▶ Exercise input
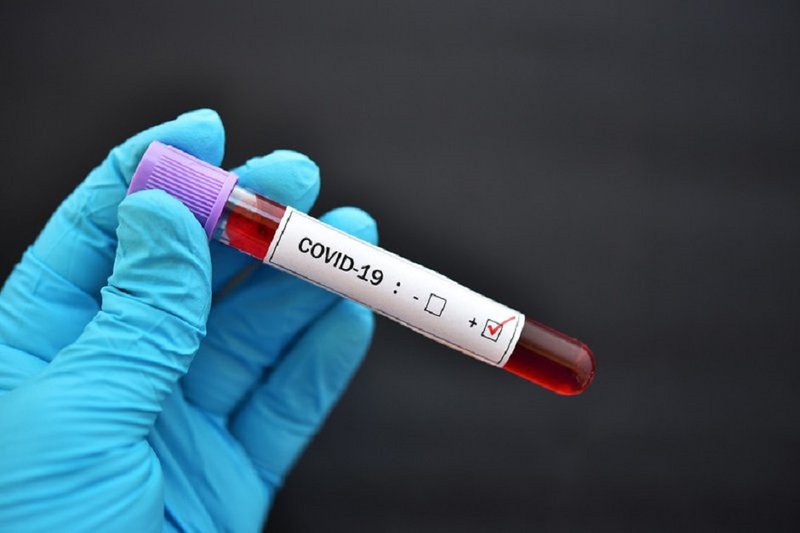 Қазақстанда бір тәулікте 62 адам коронавирус жұқтырған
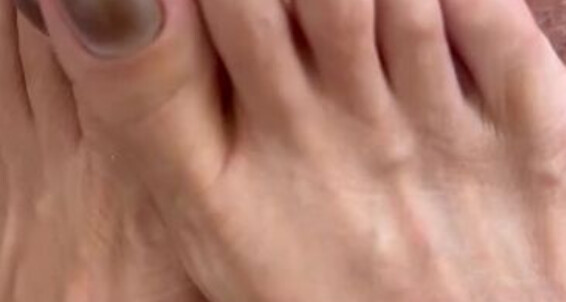 World Sexiest Feet - Pedi2 Worldsexiestfeet Onlyfans New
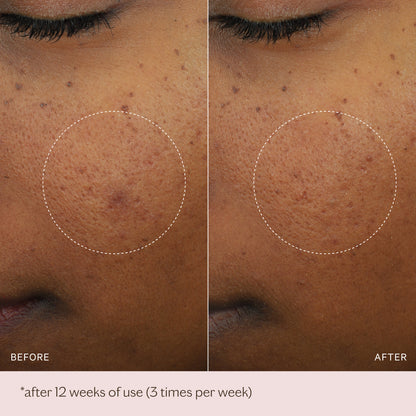 Micro-Peeling Glow Essence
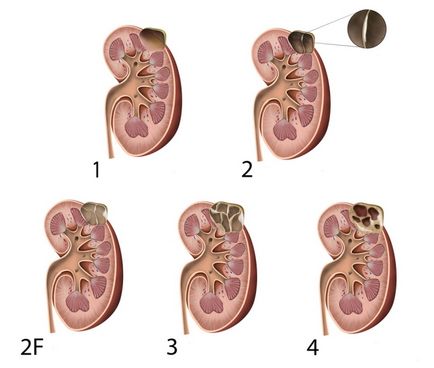 Субкапсулярна кіста правої нирки - розвиток і класифікація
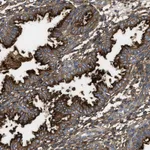 Atlas Antibodies Anti-NT5E Antibody
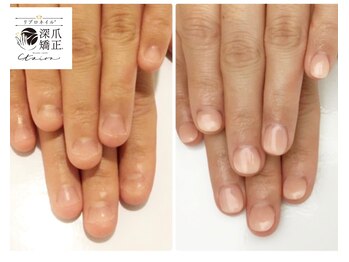 トイロ(toiro)/自爪のような自然な長さだし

▶ Task directions
The answer must be the full set of records, repeated exactly, with no pictures.

▶ Task solution
 Қазақстанда бір тәулікте 62 адам коронавирус жұқтырған
 World Sexiest Feet - Pedi2 Worldsexiestfeet Onlyfans New
 Micro-Peeling Glow Essence
 Субкапсулярна кіста правої нирки - розвиток і класифікація
 Atlas Antibodies Anti-NT5E Antibody
 トイロ(toiro)/自爪のような自然な長さだし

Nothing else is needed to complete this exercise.